Thursday, September 22, 2016

Surgical procedure covered in ASC

 Types of Services Included on the List 

The ASC list of covered surgical procedures is comprised of surgical procedures that CMS determines do not pose a significant safety risk and are not expected to require an overnight stay following the surgical procedure.

Surgical procedures are defined as Category I CPT codes within the surgical range of CPT codes, 10000 through 69999. Also considered to be included within that code range are Level II HCPCS and Category III CPT codes that crosswalk to or are clinically similar to the
Category I CPT codes in the range.

The surgical codes that are included on the ASC list of covered surgical procedures are those that have been determined to pose no significant safety risk to Medicare beneficiaries when furnished in ASCs and that are not expected to require active medical monitoring at midnight of the day on which the surgical procedure is performed (overnight stay).

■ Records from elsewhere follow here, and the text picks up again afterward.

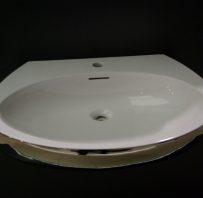 Izlietne OVALE inside white/outside platino 251
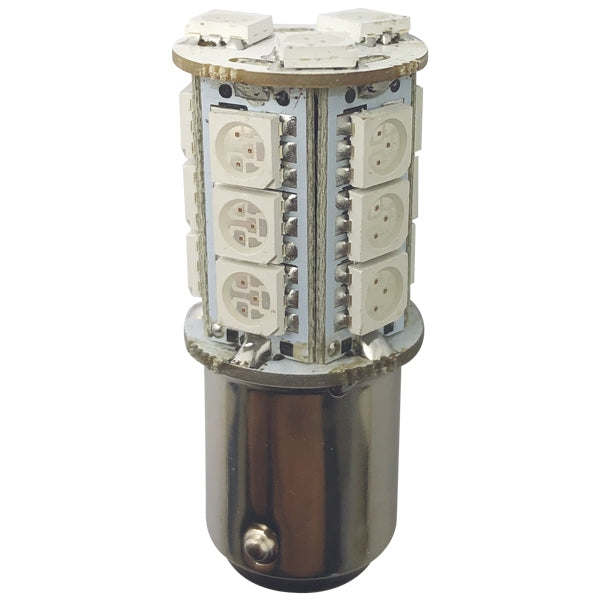 1852 LED lantern pære BAY15D Ø18x37mm 10-36Vdc rød, 2 stk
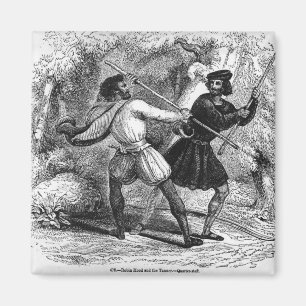 Robin Hood en de Tanner met Quarter-stafffs Magneet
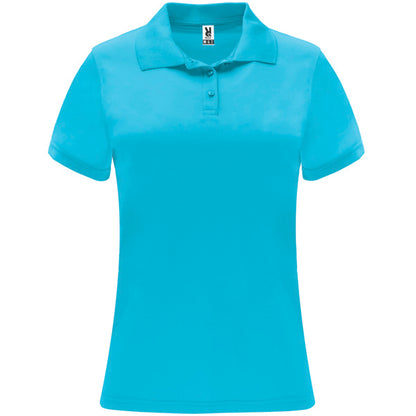 Roly Monzha Woman women's polo shirt in turquoise, ready for logo printing or embroidery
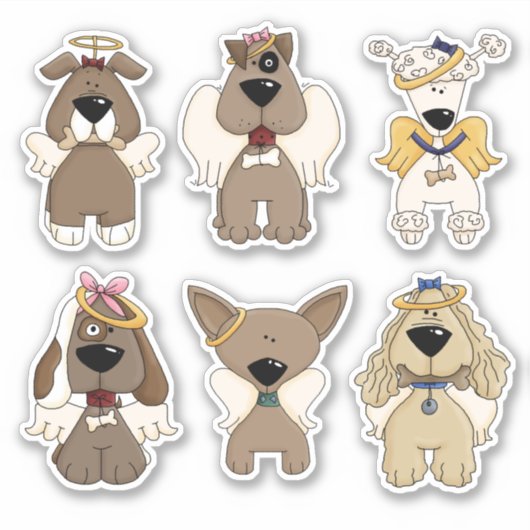 Pet Rainbow Dog Angel Stickers (Voorkant)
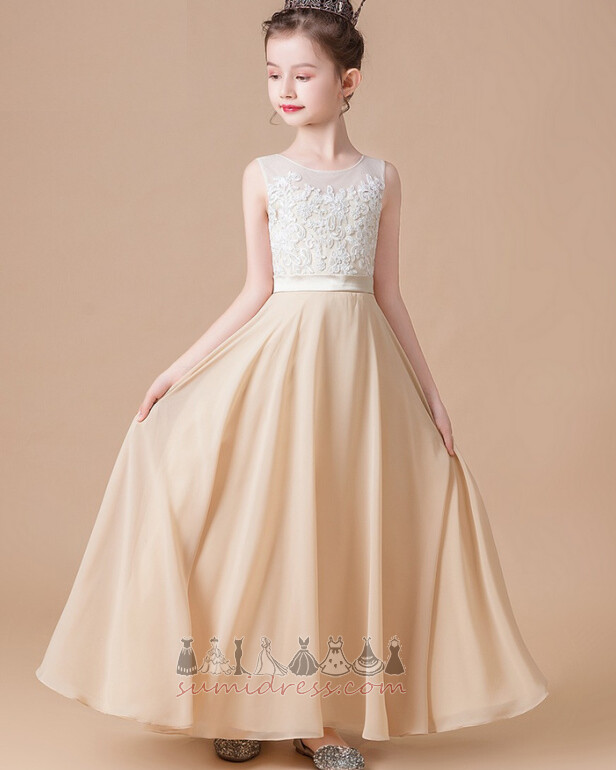 Elegant Sommer Jewel Collar Medium A-linje nøglehullet Blomst pige kjole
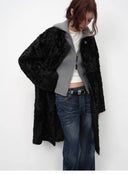 "Roman Theater" Sheepskin Fur One-Piece Long round Neck Straight Fur Coat for Women Winter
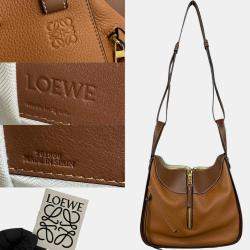 Loewe Brown Hammock Small Anagram Leather Shoulder Bag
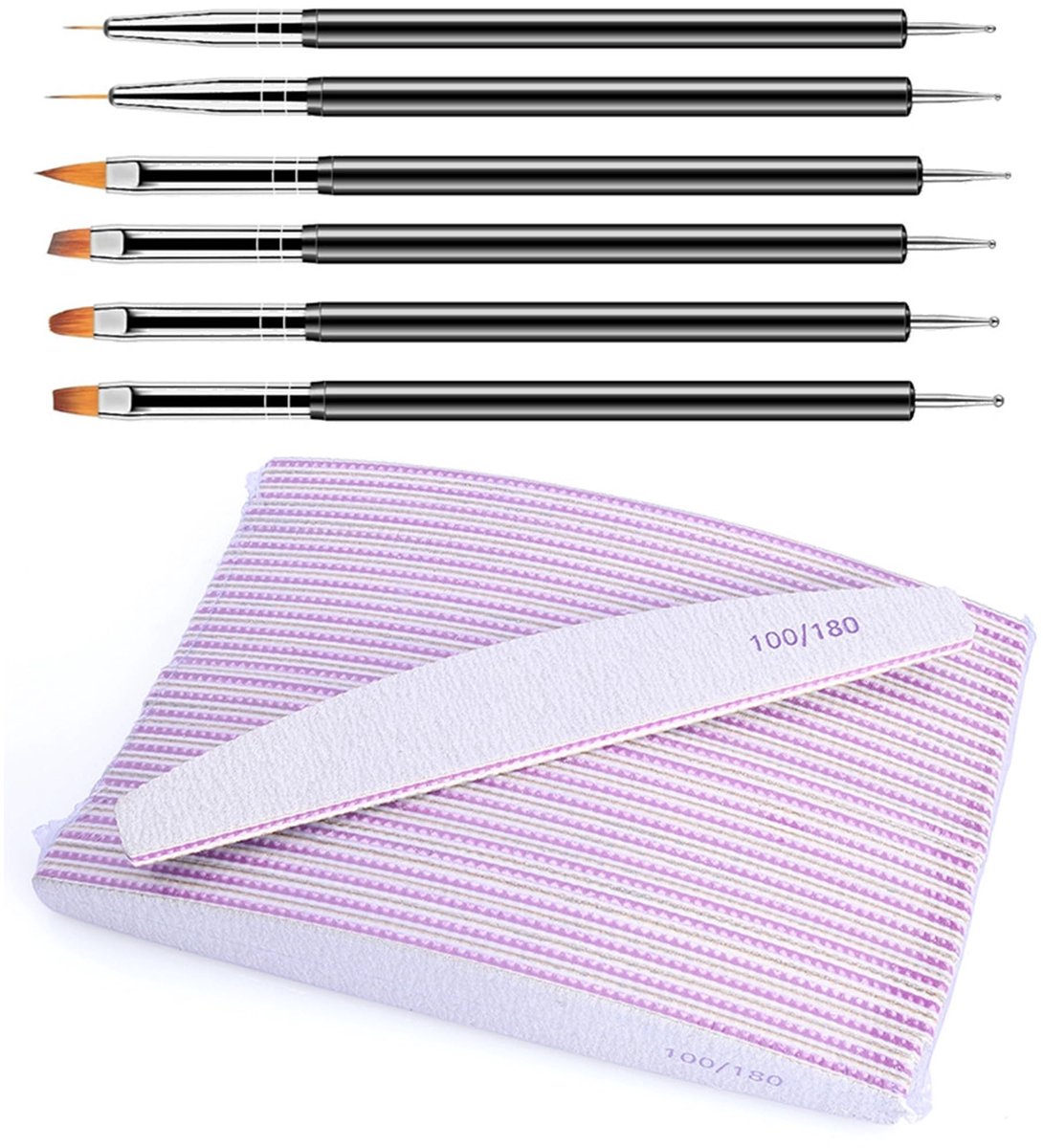 Dailygoods - 10-delige Nagelvijlen Set met Dubbelzijdige Nagelborstels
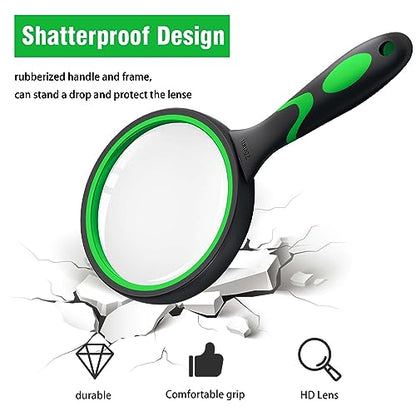 Magnifying Glass, 10X, Green, Reading, Hobbies, Science Books, Observation - color: Green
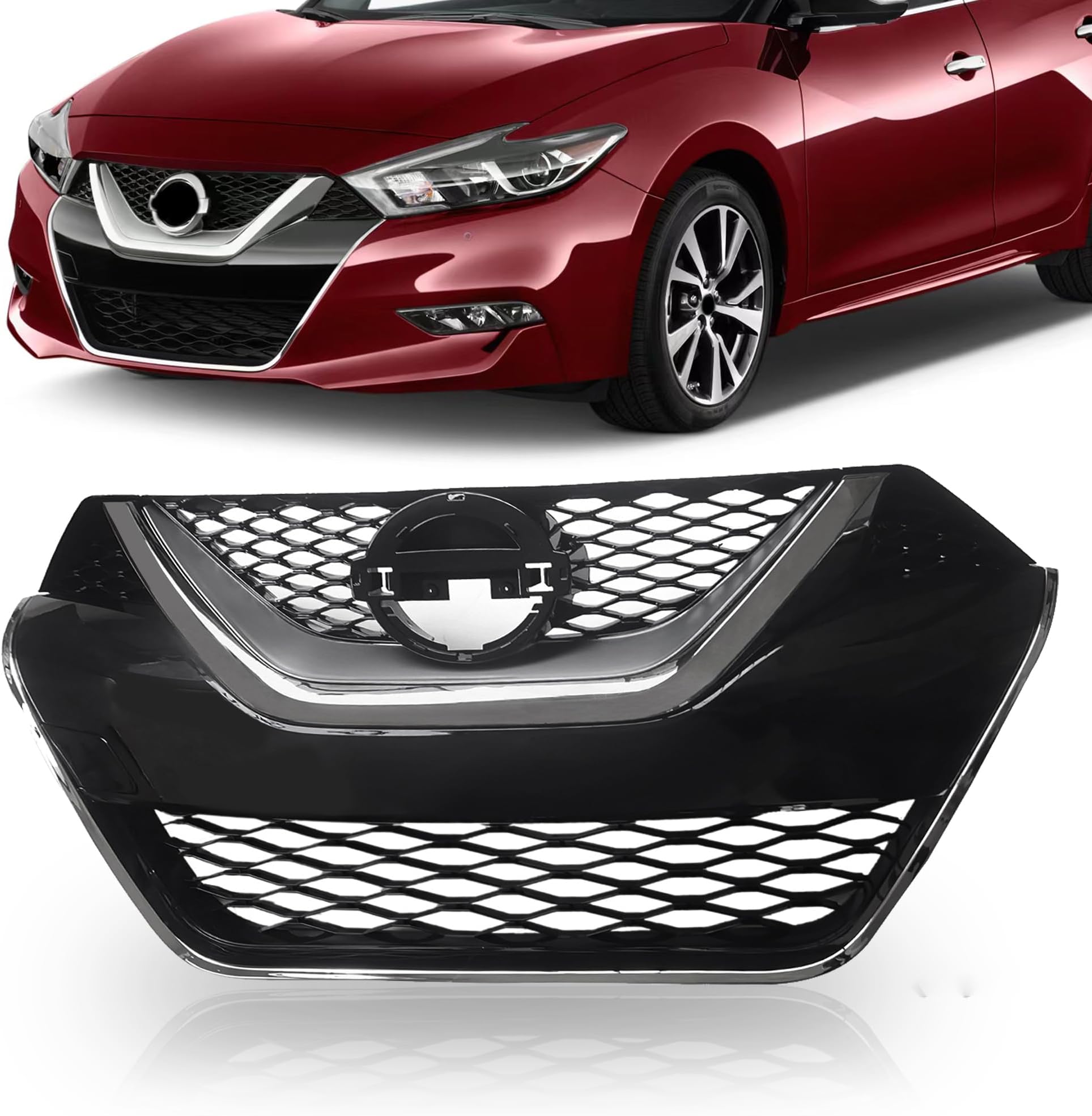 PartsFlow Front Bumper Grille Black With Chrome Mesh Grill For 2016 2017 2018 Nissan Maxima 623104RA0A NI1200284
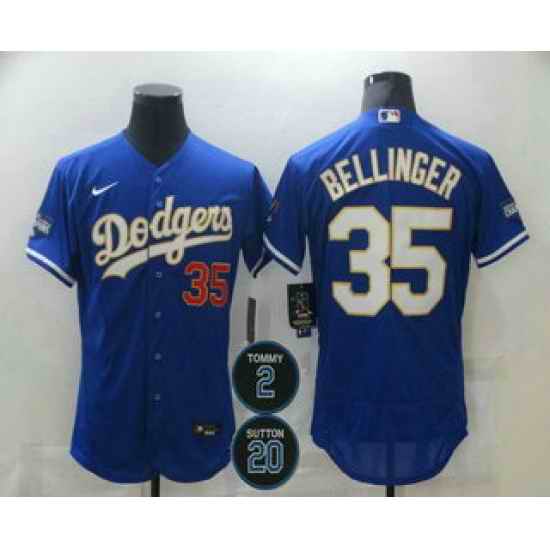 Men Los Angeles Dodgers 35 Cody Bellinger Blue Gold #2 20 Patch Stitched MLB Flex Base Nike Jersey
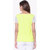Uptownie Lite Solid Yellow Lace Detail Cotton T-shirt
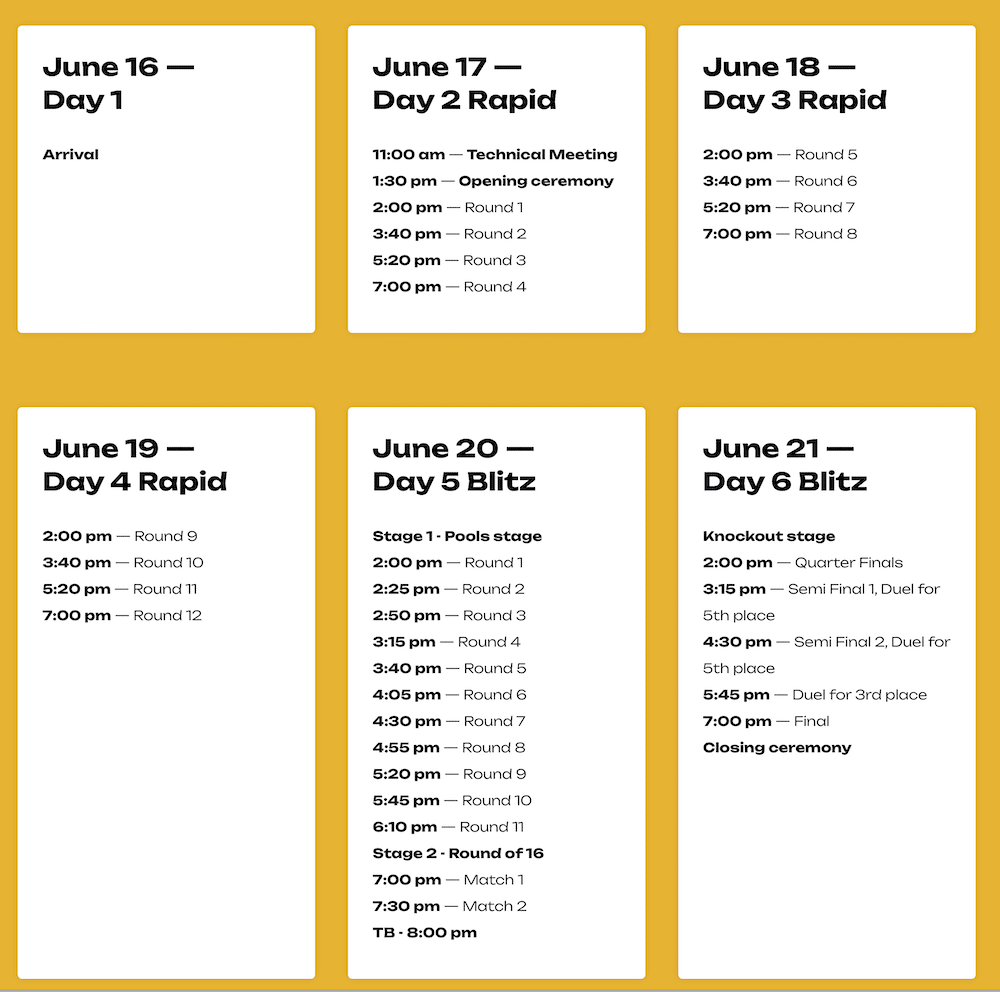 FIDE Chess Hong Kong 2026 schedule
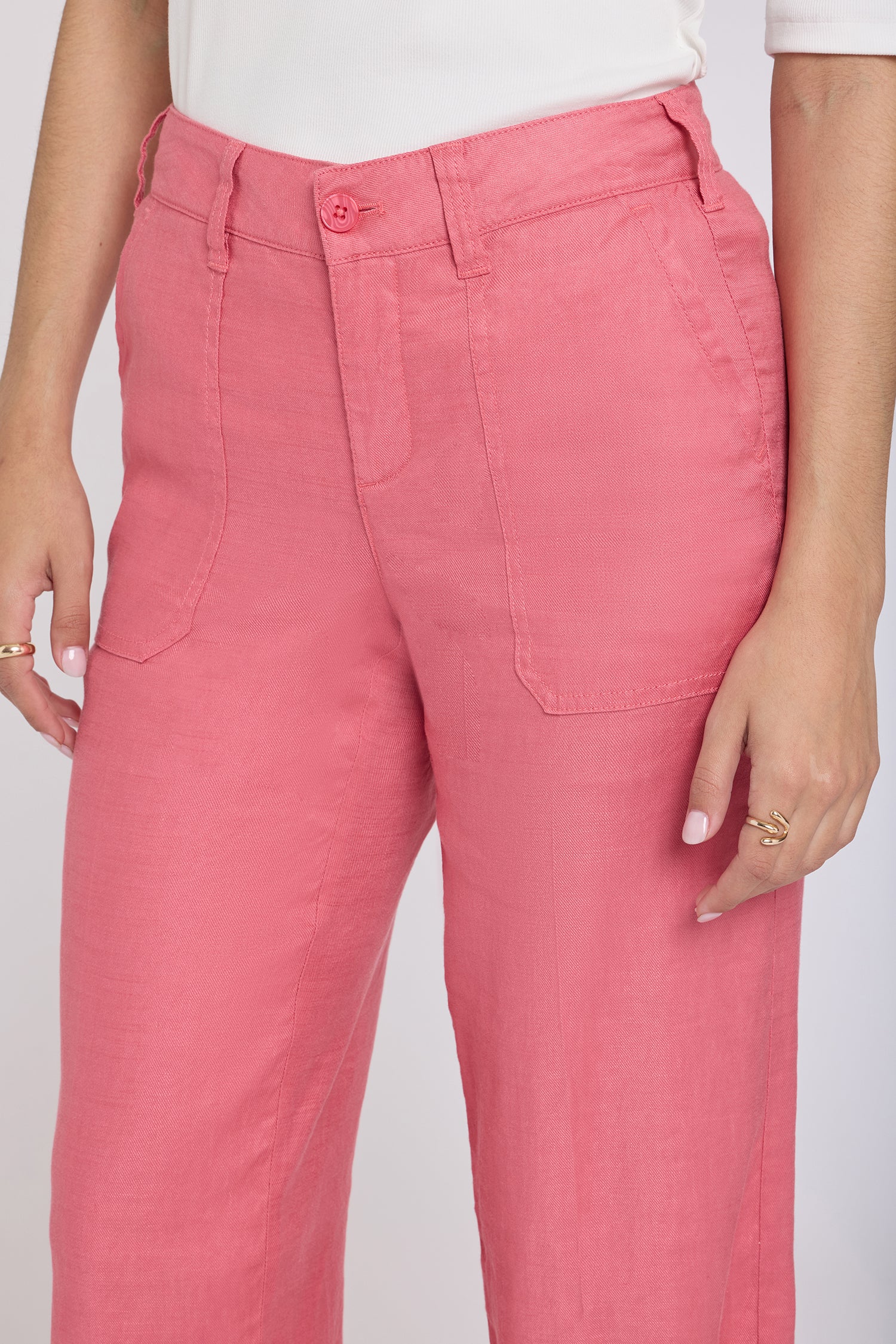 Wide Leg Cargo Capri Pants - Desert Rose - Image 5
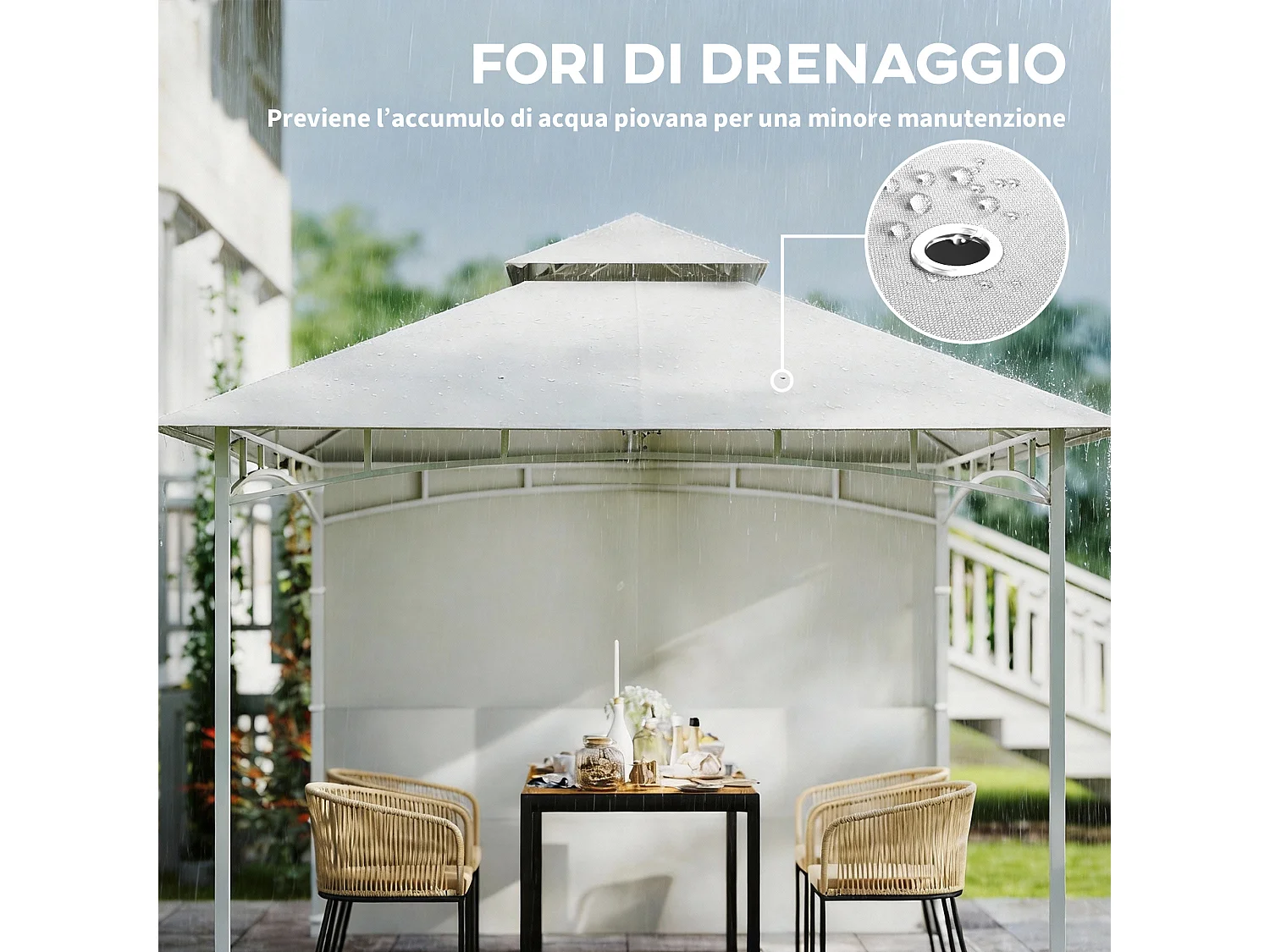 Gazebo da giardino 3x3 m con tasche portaoggetti bianco crema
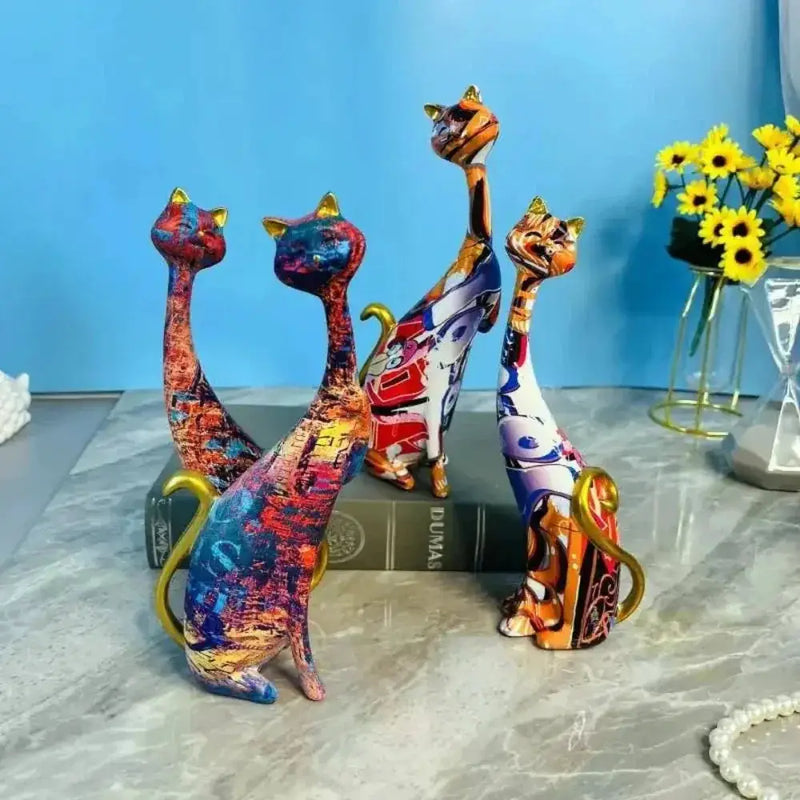Abstract Colorful Cat Figurine Set Decorative Sculptures by House Of Avana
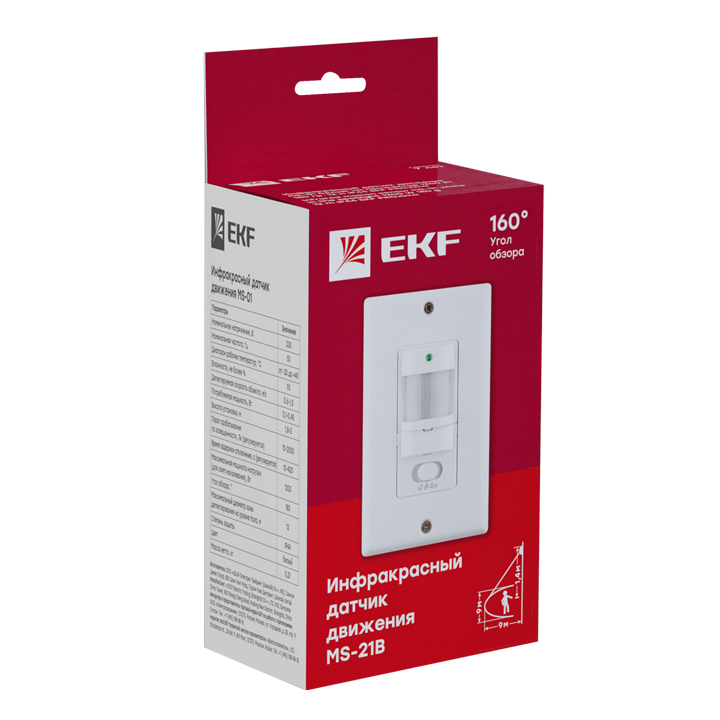 Датчик движения ИК встраиваемый 1200Вт 140гр. до 9м IP20 MS-21B PROxima EKF dd-ms-21B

Procedures that are included on the inpatient list used under Medicare’s hospital outpatient prospective payment system are deemed to pose significant safety risk to beneficiaries in ASCs and are not eligible for designation and coverage as ASC covered surgical procedures. Procedures that can only be reported by using an unlisted Category I CPT code are excluded from consideration because there are no specifically descriptive codes that can be evaluated for safety risk.


Rebundling of CPT Codes 

The general CCI rebundling instructions apply to processing claims from ASC facilities services. In general, if an ASC bills a CPT code that is considered to be part of another more comprehensive code that is also billed for the same beneficiary on the same date of  service, only the more comprehensive code is covered, provided that code is on the list of ASC approved codes.